Abdel-Hamid Nour H, Beleta Eman I M, Kelany Mohamed A, Ismail Rania I, Shalaby Nadia A, Khafagi Manal H M
Department of Brucellosis Research, Animal Health Research Institute, Agricultural Research Center, Dokki, Giza 12618, Egypt.
Department of Microbiology, The Central Laboratory of Residue Analysis of Pesticides and Heavy Metals in Food, Agricultural Research Center, Dokki, Giza, Egypt.
Vet World. 2021 Jan;14(1):144-154. doi: 10.14202/vetworld.2021.144-154. Epub 2021 Jan 19.
Different polymerase chain reaction (PCR) techniques have and are still being used for the direct detection of DNA in serum samples of different animal species and humans without being validated or properly validated, resulting in discrepancies. Thus, this study aimed to evaluate the diagnostic performance of the TaqMan Real-Time-PCR (RT-PCR) targeting the bcsp31 gene versus conventional PCR for the accurate diagnosis of brucellosis at the genus level in cattle sera.
One hundred and eighty-four serum samples were collected from bacteriologically positive and negative cows with ages ranging from 1 to 5 years old at some infected private farms in the Nile Delta under quarantine measures as well as brucellosis free farms. These samples were classified into four groups after serological diagnosis and investigated by TaqMan RT-PCR and conventional PCR targeting the IS711 gene for DNA detection. The diagnostic performance characteristics of both PCR techniques were estimated considering the bacteriological results as a gold standard.
TaqMan RT-PCR revealed superiority over conventional PCR; it was able to detect DNA in 95% (67/70) and 89% (25/28) of the cattle sera samples belonging to Group 1 (serologically and bacteriologically positive) and Group 2 (serologically negative but bacteriologically positive), respectively. On evaluating the diagnostic performance, TaqMan RT-PCR showed superior diagnostic sensitivity (93.9%), diagnostic specificity (88.4%), performance index (182.3), almost perfect kappa agreement (0.825±0.042), strong positive correlation (r=0.826), high accuracy based on the receiver operating characteristic (ROC) curve, and area under the ROC curve (0.911) at p<0.05 and CI of 95%.

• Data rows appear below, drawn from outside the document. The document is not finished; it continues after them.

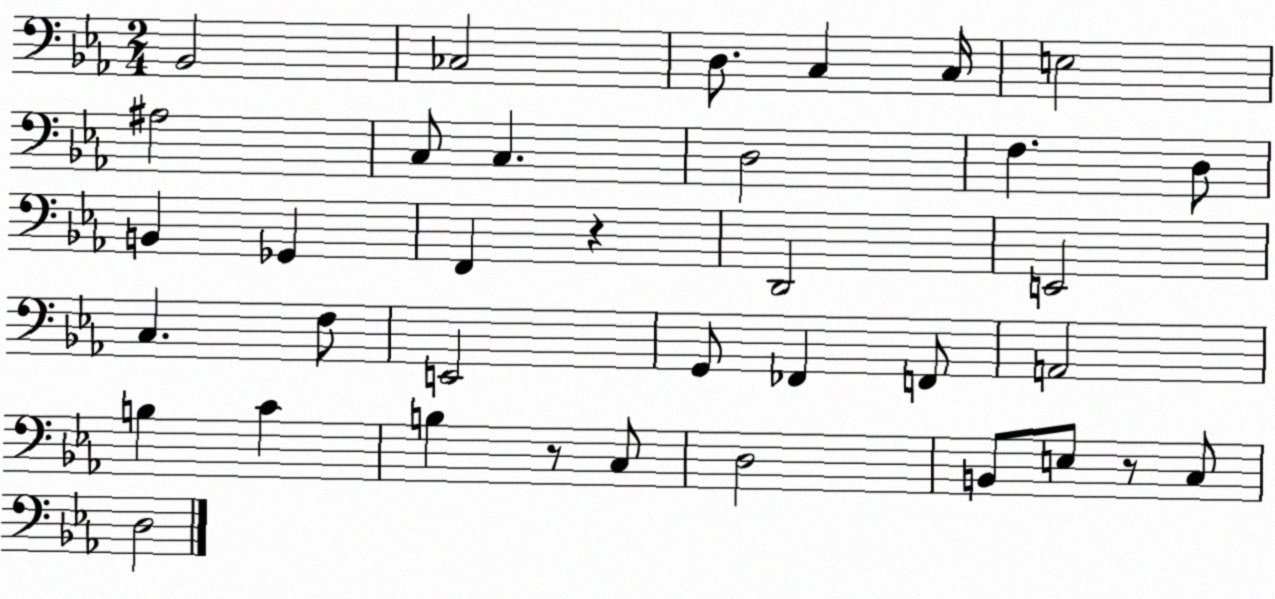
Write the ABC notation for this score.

X:1
T:Untitled
M:2/4
L:1/4
K:Eb
_B,,2 _C,2 D,/2 C, C,/4 E,2 ^A,2 C,/2 C, D,2 F, D,/2 B,, _G,, F,, z D,,2 E,,2 C, F,/2 E,,2 G,,/2 _F,, F,,/2 A,,2 B, C B, z/2 C,/2 D,2 B,,/2 E,/2 z/2 C,/2 D,2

A cattle serum sample is not the metric of choice for targeting genomic DNA by conventional PCR. The time-saving and rapid TaqMan RT-PCR method revealed a better diagnostic performance in the detection of DNA in cattle sera. Such performance offered by TaqMan RT-PCR may be considered a step toward the possibility of using such technology in the direct differentiation between -infected and -vaccinated cattle immunized by smooth vaccines from cattle sera using primers specific for such vaccines.
不同的聚合酶链反应(PCR)技术已经并仍在用于直接检测不同动物物种和人类血清样本中的DNA,但未经验证或未得到充分验证,导致结果存在差异。因此,本研究旨在评估针对bcsp31基因的TaqMan实时荧光定量PCR(RT-PCR)与传统PCR在准确诊断牛血清中布鲁氏菌属水平布鲁氏菌病方面的诊断性能。
从尼罗河三角洲一些处于检疫措施下的受感染私人农场以及无布鲁氏菌病农场中,收集了184份年龄在1至5岁之间的经细菌学检测为阳性和阴性的奶牛血清样本。这些样本在血清学诊断后分为四组,并通过针对IS711基因的TaqMan RT-PCR和传统PCR进行DNA检测研究。以细菌学检测结果作为金标准,评估两种PCR技术的诊断性能特征。
TaqMan RT-PCR显示出优于传统PCR的性能;它能够分别在属于第1组(血清学和细菌学均为阳性)和第2组(血清学阴性但细菌学阳性)的95%(67/70)和89%(25/28)的牛血清样本中检测到DNA。在评估诊断性能时,TaqMan RT-PCR显示出卓越的诊断敏感性(93.9%)、诊断特异性(88.4%)、性能指数(182.3)、几乎完美的kappa一致性(0.825±0.042)、强正相关(r = 0.826)、基于受试者工作特征(ROC)曲线的高精度以及ROC曲线下面积(0.911),p<0.05且置信区间为95%。
传统PCR并非用于靶向检测牛基因组DNA的首选方法。省时且快速的TaqMan RT-PCR方法在检测牛血清中的DNA时显示出更好的诊断性能。TaqMan RT-PCR所提供的这种性能可被视为朝着使用该技术直接区分感染布鲁氏菌的牛和接种了光滑疫苗的牛迈出的一步,可利用针对此类疫苗的引物从牛血清中进行区分。